Start of Data provided

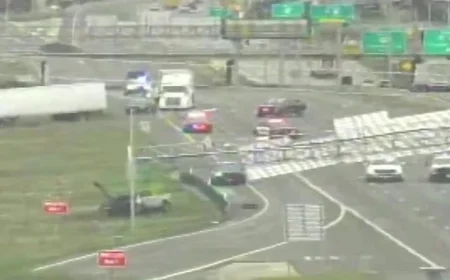 Driver Claims Cut-Off Leads to Hours-Long I-35 Sign Crash Closure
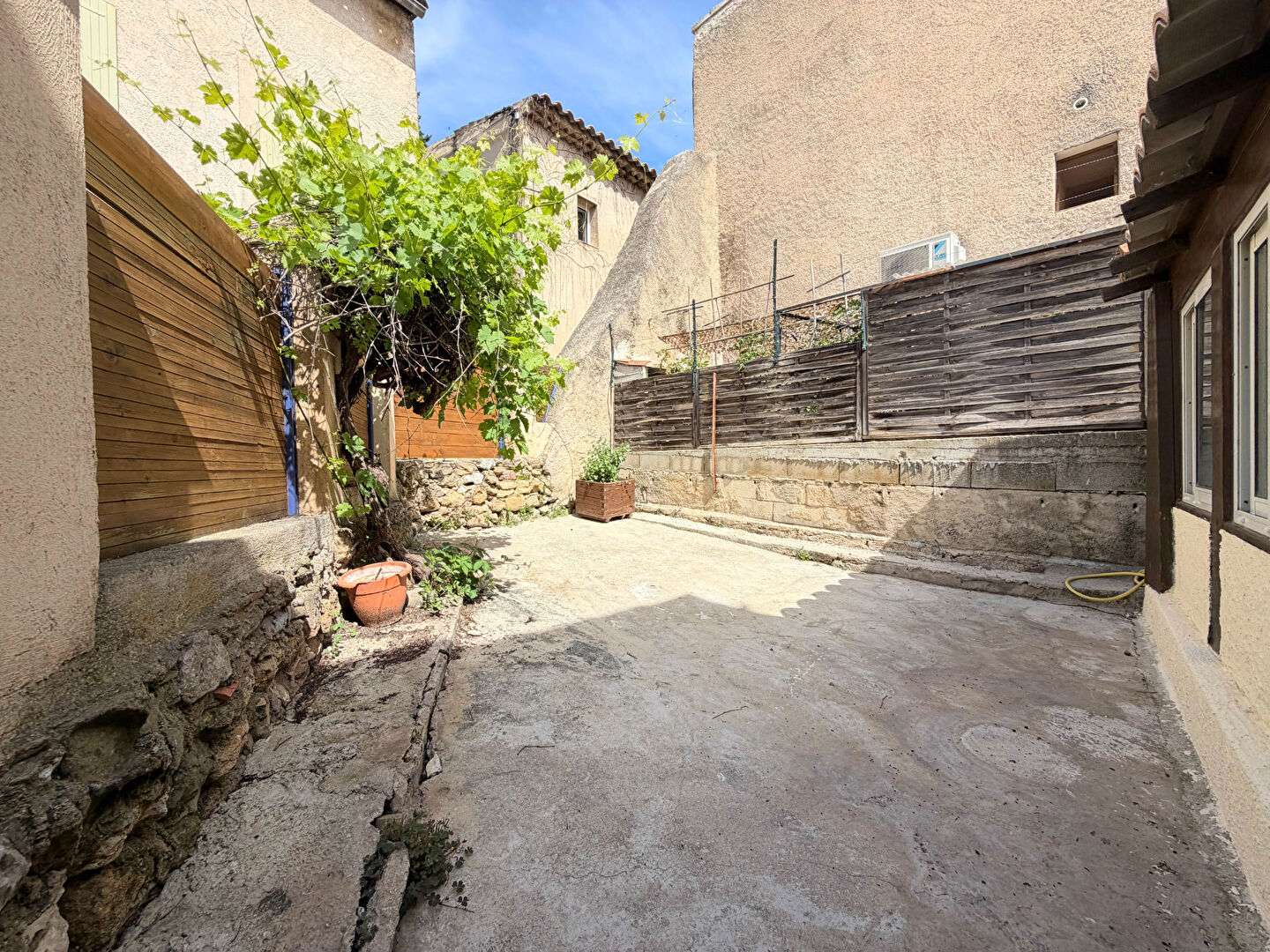Agence immobilière de ERA VAL DE DURANCE IMMOBILIER - ERA VAL DE DURANCE IMMOBILIER
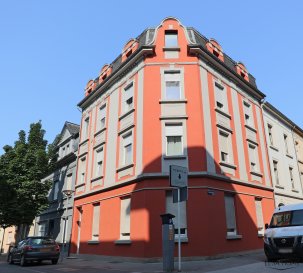 Appartement à rénover au coeur d'Esch-sur-Alzette.

Situé au 3ème étage d'une petite résidence conviviale, cet appartement offre un potentiel exceptionnel pour les amoureux de la rénovation et de la personnalisation. Avec une configuration idéale comprenant une chambre à coucher, une cuisine, un séjour et une salle de bain, il constitue une opportunité à saisir pour créer un espace à votre image.

L'appartement dispose également d'un grenier privé, parfait pour le rangement, ainsi que d'une cave et d'une buanderie commune, offrant encore plus de fonctionnalité et de confort.

Idéalement situé au centre d'Esch-sur-Alzette, à proximité immédiate de toutes les commodités, commerces et transports, cet appartement représente un excellent investissement ou un premier achat dans un quartier dynamique.

Photos sur demande.

Pour toutes questions ou demandes d'informations, n'hésitez pas à nous contacter, nous serons toujours à votre service.

Agence ELSA'HOME à votre écoute pour la concrétisation de vos projets en toute confiance.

End of Data provided

Your reply is to be the number of lines above in which the word "votre" appears, and nothing else.

The completed task - 3